You want the name. Yeah. Jancer
Franklin. I was born in 1930. Parents was Wolford Franklin and Nellie "Nell"
Johnson Franklin. They kept us fed and kept us a'workin. Yeah, when you got big enough to
work well they put out there working. Hello, I'm Tim Barnwell and thanks for watching
The Face of Appalachia. Jancer said to me, "You can take the man out of the mountains, but
you can't take the mountains out of the man." Across two visits to his farm in the Shelton
Laurel section of Madison County one thing is for sure, it's especially true of this 94 year
old. You can no more take the mountains out of him as you could take them out of Western
North Carolina. Having driven his steep and winding driveway on two occasions, once in 5
inches of snow and another in nicer weather, I realized that even by a country mile, Jancer's
place is remote. But what struck me the most is how happy he is to live there and how little
he needs from the outside world. Through hard work and perseverance, Jancer has been able
to support himself and his family on a steep mountaintop piece of land by farming, sawmilling,
and raising livestock. He lives a simple life, rarely traveling more than a few miles from
home, and is more than satisfied with that, not feeling the need for more. When I told a
friend I was going to visit Jancer, her face lit up and she launched into a story about visiting
his farm with her husband to buy beans and the great experience they had there. Indeed, everyone
I talked to about him had a similar reaction and after spending time with him I can see why. He
is a special person, gentle, humble, and honest, with a wealth of knowledge about farming and
a twinkle in his eye. It's been an honor to get to know him and I think you'll feel the same
way after spending time with us on his farm and hearing stories from his life. Well, welcome in
my friend. Come on in. (Tim) What did your parents do, were they farmers? Farming and sawmilling,
raising cattle. That was practically our whole life, yeah. And we farmed all our lives. (Tim)

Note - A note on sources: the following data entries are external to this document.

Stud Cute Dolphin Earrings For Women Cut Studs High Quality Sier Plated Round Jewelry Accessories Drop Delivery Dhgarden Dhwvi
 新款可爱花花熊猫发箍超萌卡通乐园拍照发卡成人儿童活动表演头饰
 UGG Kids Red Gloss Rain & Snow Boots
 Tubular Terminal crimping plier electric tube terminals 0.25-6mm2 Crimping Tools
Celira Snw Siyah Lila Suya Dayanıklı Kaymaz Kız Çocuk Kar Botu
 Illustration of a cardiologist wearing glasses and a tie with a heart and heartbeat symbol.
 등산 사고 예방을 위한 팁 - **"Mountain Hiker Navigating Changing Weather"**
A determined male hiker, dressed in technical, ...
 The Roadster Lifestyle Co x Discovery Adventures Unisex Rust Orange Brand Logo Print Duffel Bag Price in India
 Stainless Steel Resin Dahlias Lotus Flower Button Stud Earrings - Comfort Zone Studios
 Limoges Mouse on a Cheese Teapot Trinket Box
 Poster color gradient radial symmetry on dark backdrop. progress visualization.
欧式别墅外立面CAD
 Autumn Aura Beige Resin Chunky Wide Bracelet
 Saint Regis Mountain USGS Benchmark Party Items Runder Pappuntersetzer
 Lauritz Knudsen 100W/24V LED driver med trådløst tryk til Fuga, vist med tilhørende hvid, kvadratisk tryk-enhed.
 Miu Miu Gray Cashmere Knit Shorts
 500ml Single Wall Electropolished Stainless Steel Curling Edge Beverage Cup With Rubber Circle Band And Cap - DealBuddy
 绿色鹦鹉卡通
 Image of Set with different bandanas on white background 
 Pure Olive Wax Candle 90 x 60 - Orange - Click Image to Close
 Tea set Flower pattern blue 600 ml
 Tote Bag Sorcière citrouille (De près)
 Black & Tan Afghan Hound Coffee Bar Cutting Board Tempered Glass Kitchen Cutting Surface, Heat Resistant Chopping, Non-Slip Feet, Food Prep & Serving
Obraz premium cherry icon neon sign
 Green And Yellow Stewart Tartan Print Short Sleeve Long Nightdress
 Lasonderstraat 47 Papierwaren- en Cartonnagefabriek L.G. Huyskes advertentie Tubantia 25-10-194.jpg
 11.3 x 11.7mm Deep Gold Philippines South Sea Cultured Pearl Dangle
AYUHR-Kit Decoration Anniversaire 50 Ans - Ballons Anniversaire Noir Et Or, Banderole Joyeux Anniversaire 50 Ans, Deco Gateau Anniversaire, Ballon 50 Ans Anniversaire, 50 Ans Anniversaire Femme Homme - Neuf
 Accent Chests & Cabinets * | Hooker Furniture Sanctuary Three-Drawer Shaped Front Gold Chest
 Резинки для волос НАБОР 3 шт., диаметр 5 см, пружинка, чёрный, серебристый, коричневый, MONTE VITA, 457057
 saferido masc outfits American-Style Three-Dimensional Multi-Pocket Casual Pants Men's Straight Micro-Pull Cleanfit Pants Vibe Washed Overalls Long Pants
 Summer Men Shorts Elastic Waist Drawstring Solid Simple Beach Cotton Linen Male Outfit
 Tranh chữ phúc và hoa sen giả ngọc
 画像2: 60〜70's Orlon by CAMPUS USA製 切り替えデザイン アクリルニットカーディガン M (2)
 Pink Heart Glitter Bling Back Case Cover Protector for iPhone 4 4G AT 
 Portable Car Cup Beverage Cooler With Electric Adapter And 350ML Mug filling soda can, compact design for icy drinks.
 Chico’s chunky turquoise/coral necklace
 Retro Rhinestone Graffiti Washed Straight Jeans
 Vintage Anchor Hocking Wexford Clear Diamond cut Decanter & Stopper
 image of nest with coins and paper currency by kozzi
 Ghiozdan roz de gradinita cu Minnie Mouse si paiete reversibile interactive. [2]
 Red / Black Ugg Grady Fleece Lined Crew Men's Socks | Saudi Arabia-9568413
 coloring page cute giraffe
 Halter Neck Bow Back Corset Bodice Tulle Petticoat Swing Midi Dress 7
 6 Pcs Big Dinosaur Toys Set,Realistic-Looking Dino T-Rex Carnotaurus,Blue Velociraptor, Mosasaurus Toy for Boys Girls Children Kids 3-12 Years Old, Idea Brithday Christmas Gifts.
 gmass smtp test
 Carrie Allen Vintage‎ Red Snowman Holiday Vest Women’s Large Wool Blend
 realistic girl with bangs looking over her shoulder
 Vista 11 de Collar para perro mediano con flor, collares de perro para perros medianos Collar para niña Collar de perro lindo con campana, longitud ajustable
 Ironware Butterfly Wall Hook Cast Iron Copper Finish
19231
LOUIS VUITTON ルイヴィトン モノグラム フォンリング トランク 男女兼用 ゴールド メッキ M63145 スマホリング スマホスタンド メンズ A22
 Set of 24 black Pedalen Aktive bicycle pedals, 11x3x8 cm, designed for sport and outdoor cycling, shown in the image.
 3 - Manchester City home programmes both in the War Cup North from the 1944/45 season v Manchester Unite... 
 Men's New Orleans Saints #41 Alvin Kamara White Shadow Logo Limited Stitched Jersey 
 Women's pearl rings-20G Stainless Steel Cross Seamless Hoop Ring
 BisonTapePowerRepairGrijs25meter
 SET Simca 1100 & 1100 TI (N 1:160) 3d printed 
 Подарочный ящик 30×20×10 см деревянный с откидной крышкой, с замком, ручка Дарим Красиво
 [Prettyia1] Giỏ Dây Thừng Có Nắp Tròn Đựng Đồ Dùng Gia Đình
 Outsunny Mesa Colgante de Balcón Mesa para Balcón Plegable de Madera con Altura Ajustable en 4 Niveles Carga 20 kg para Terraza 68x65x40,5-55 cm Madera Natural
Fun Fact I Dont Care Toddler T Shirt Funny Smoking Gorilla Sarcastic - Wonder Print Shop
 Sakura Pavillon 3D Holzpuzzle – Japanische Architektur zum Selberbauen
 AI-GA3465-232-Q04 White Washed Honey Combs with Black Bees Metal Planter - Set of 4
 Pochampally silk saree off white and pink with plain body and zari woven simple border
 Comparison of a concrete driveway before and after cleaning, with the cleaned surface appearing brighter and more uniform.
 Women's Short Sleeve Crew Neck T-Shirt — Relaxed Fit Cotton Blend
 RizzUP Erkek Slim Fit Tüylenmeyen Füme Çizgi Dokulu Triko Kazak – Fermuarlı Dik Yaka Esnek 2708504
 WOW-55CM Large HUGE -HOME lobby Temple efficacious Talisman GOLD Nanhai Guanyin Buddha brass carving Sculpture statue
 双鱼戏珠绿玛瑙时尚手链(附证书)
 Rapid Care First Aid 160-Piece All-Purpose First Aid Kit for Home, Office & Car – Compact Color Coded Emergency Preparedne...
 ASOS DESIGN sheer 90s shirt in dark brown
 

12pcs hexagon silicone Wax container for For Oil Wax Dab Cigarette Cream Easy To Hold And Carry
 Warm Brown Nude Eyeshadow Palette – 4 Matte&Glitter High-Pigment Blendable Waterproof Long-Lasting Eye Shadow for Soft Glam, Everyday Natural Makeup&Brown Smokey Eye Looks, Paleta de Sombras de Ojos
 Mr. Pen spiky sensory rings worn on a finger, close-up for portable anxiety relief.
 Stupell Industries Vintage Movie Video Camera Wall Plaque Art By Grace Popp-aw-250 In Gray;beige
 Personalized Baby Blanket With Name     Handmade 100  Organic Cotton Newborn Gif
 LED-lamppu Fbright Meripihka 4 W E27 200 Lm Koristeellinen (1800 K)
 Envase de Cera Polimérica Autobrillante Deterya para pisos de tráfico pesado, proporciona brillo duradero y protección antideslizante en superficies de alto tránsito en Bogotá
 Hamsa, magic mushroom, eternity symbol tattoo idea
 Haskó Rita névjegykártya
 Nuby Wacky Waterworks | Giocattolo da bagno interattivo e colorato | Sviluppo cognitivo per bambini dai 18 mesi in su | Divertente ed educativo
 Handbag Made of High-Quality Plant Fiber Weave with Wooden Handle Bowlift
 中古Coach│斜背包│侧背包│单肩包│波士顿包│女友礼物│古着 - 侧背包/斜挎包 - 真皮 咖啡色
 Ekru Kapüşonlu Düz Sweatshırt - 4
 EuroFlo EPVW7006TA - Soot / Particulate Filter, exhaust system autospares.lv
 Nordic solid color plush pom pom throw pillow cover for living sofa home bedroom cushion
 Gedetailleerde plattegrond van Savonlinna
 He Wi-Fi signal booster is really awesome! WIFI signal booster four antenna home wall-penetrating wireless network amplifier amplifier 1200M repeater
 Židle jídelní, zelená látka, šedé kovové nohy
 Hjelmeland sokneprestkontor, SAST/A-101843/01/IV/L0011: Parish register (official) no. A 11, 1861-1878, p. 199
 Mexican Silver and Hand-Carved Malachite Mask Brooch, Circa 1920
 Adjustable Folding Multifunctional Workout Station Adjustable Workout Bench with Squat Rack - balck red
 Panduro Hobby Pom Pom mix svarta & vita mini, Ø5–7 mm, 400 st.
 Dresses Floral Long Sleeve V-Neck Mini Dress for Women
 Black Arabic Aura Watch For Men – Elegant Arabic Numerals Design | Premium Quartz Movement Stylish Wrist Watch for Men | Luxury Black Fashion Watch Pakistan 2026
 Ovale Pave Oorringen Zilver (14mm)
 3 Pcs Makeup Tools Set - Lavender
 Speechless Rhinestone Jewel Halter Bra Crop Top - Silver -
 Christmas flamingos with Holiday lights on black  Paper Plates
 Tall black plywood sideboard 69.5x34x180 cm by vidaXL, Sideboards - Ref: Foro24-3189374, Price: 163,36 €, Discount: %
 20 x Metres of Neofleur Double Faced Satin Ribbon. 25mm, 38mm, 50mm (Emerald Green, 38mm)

So, what all did you raise on the farm? Tobacco, corn, beans. Used to raise these here "selling"
beans we called them. Put out about a half acre, acre. Pick them, take them to the cannery down
there at Newport, yeah. (Tim) How many brothers and sisters did you have. Four brothers, no
sisters. (Tim) Are any of them still living? Two of us. Next to the oldest and the youngest. (Tim)
Which are you are you? Are you the youngest? No, I'm next to the oldest, yeah. My brother, he
he killed hisself back after my dad and mother passed away he just got the where he couldn't
make it. And I went over there, I was the one found him. He just lived across the hill over here. And
me and him, we always worked together. He had something that he couldn't do he'd get me, and
if I had something I couldn't do i'd get him, and we just worked together on the farm.
(Tim) Do you remember your grandparents? Yeah, my two grand, grandparents, I told 'em I was
lucky and to be thankful of it. My two Grannies and my two Grandpaws, they both, both sets,
they never never lived as long as I have now. They died younger. (Tim) I guess it was a harder
life back then wasn't it? Yeah, hard life just to pull through it. (Tim) When you were growing
up, what time would you get up in the morning, kind of what, how would you start your day? Well,
most of the time about the break a day, get in there, eat a good breakast, and whenever got out and
milked the cows and fed and we was ready to hit the field yeah. That's about to about the
earliest we'd get up and then bedtime, after we eat supper and set
around awhile there, they wanted us all to go to bed there so we could
get our sleep so we can get up early, yeah. (Tim) Did you go to school when you
were growing up? Went to the fifth grade. Stayed in there three years. Didn't get to
go enough to learn nothing. I told my dad, I said, "If I don't get to go no more than
that, they ain't no use to me going back," so I quit. But I didn't get to go enough
enough to stay with the books to learn nothing. (Tim) Guess they needed you on the farm
more? (huh) They needed you working on the farm? Yeah, neeeded us more on the farm, seemed like.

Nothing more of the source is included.